A worker welds building material parts at a factory in Nantong, Jiangsu Province, China, on May 16, 2023. (STR/AFP via Getty Images)
A worker welds building material parts at a factory in Nantong, Jiangsu Province, China, on May 16, 2023. (STR/AFP via Getty Images)

Real Estate Crisis

What is the most likely path of the property sector downturn? What is Beijing's role?

“The two comparisons most often cited when looking at China's real estate sector problems are Japan in 1990 or Hong Kong in 1997,” said Mr. Upton.

According to him, while every situation is different in terms of income, affordability, and inventory levels, Japan's property market, from peak to trough, was roughly 14 years, while Hong Kong's was around six years.

“Using those experiences as a guide, it [the property downturn] could be at least another four to five years before the market finds its trough,” Mr. Upton said. “Further, when the dust settles in the sector, analysts broadly expect activity levels in the sector to be 20 to 30 percent below peak activity.”

This has implications for GDP growth “because something else [such as net exports, consumption, or government spending] is required to fill the space,” he added.

According to UBS, however, Beijing can support both the demand and supply side of the property market to help stabilize the sector. On the supply side, the central authorities could increase credit support to developers, including more policy bank lending to stalled property projects to ensure delivery and bridge financing to avoid large-scale defaults.

On the demand side, Beijing could remove remaining home purchase restrictions and lower down payment requirements for second mortgages to 30 percent (from 40 to 50 percent) in large cities.

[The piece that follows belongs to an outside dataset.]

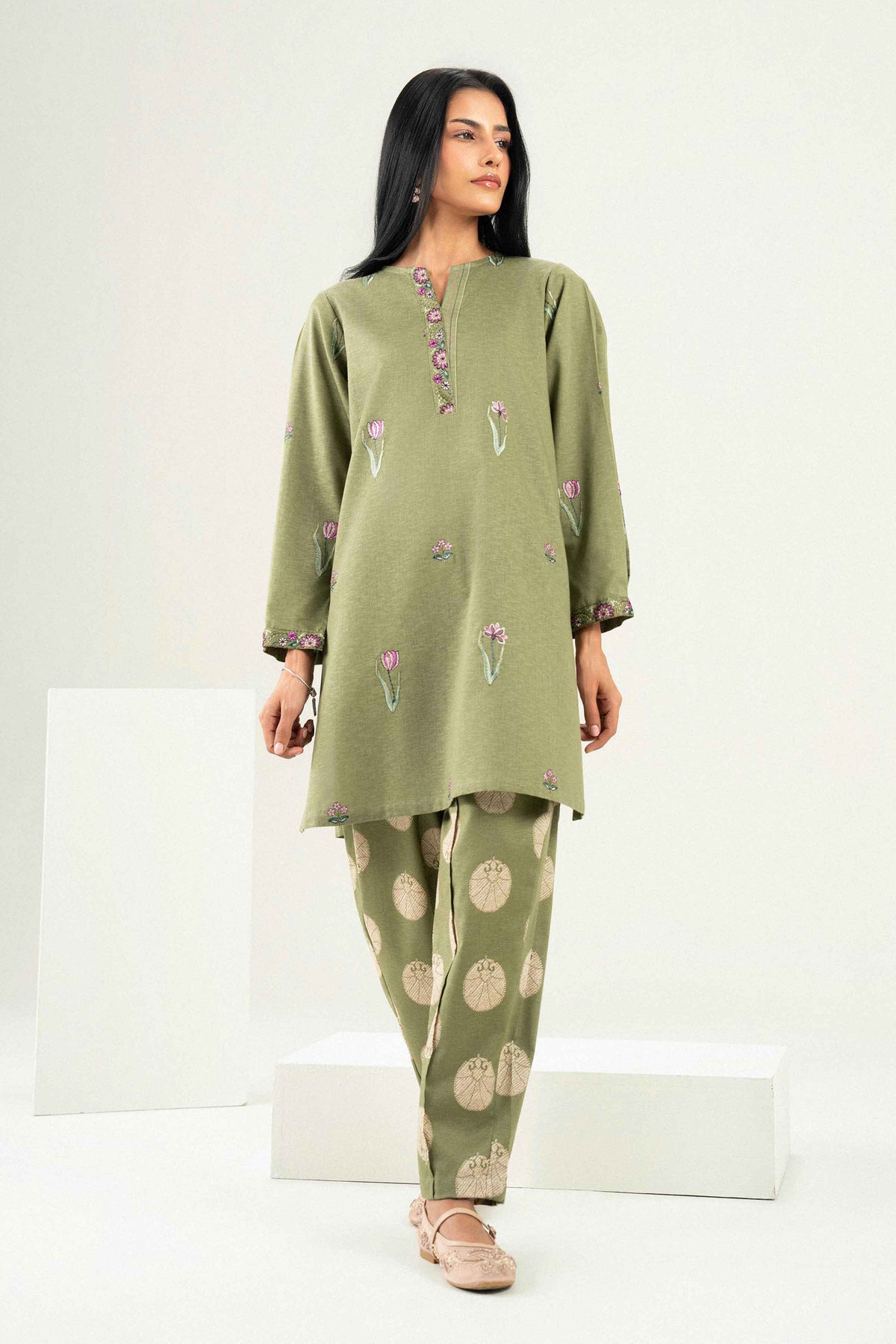 2 Piece - Embroidered Suit - ST2STE-PRET26WV2-24 for Women - Pret Collection | Nishat | Shop Online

On Aug. 31, China's authorities, which include the housing ministry and the People's Bank of China, proposed reform measures, such as removing home-purchasing restrictions in noncore districts of major cities such as Beijing, Shanghai, and Shenzhen. These restrictions—which limit property purchases by so-called unqualified nonresidents and the number of properties people can buy—have been in effect in numerous cities since 2010. Many smaller towns have relaxed home-purchase restrictions in recent years to promote demand, but big cities, which have traditionally been targets for speculative purchasing, have remained cautious.
Increasing investment in so-called “urban village renovation” and public housing construction could also help, according to Ms. Wang.

Debt Crisis

How severe is the debt crisis for Chinese municipalities? Is there going to be a major default? How might local debt problems be addressed?

The UBS note stated that China's explicit local government debt, comprising regular and special local government bonds, was 35 trillion yuan (about $4.79 trillion), or 29 percent of GDP, by the end of 2022.

Debt of local government financing vehicles (LGFVs), on the other hand, was estimated to be roughly 59 trillion yuan as of 2022. Still, while not all LGFV debt should be counted as implicit local government debt, as some LGFVs were supposed to be commercially operated, various definitions would still put total local government explicit and implicit debt at 96 trillion yuan as of 2022 or 79 percent of GDP.

“Despite the severe challenge in debt payments, however, China is unlikely to see large-scale defaults of LGFVs going forward,” wrote Ms. Wang.

Local governments will be pressed to sell or optimally employ their assets to service and minimize implicit debt.

“Local governments own a lot of assets, including state-owned enterprises totaling yuan 206 trillion in 2021, and theoretically, local governments can transfer some of the assets to LGFV, sell them, or mortgage these assets for liquidity,” Ms. Wang wrote.

However, since state assets may not be easy to dispose of, as they may be hard to value and unfeasible to sell—for example, infrastructure—this process is likely to be only gradual, she added.